> _Work to be completed_: Starting at the line below that contains "гидропоника Зеленокумск" and ending at the line that contains "芙宁娜大胆揭秘，扒开胸前神秘故事尽显魅力", retype each line exactly as it stands, but omit the pictures.
Data in this exercise Block Start
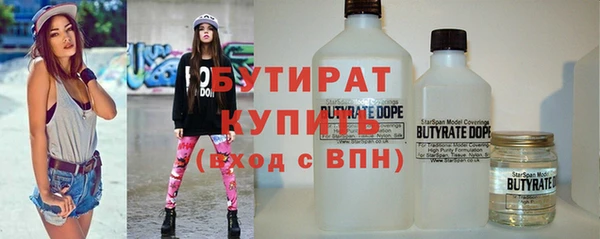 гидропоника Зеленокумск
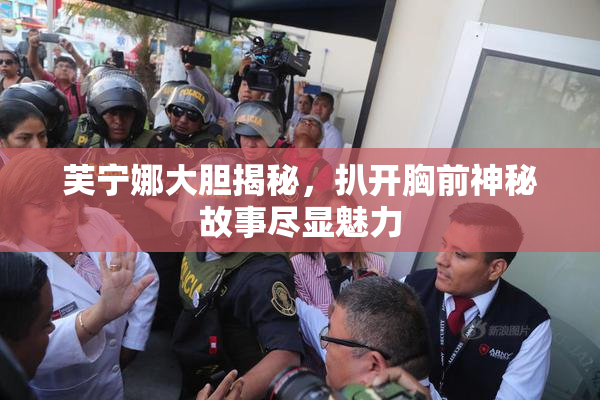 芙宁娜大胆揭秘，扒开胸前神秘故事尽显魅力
Data in this exercise Block End
Data in this exercise Block Start
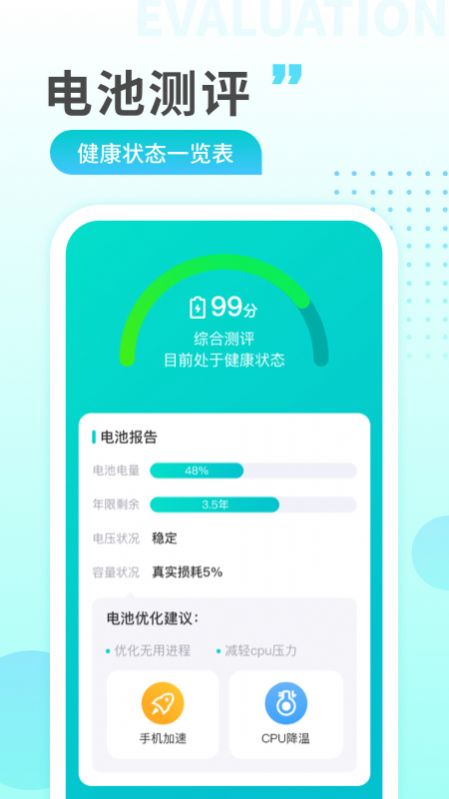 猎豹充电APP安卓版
Data in this exercise Block End
Data in this exercise Block Start
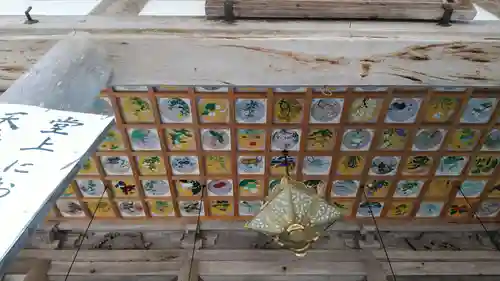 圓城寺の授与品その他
Data in this exercise Block End
> _Response_:
 гидропоника Зеленокумск
 芙宁娜大胆揭秘，扒开胸前神秘故事尽显魅力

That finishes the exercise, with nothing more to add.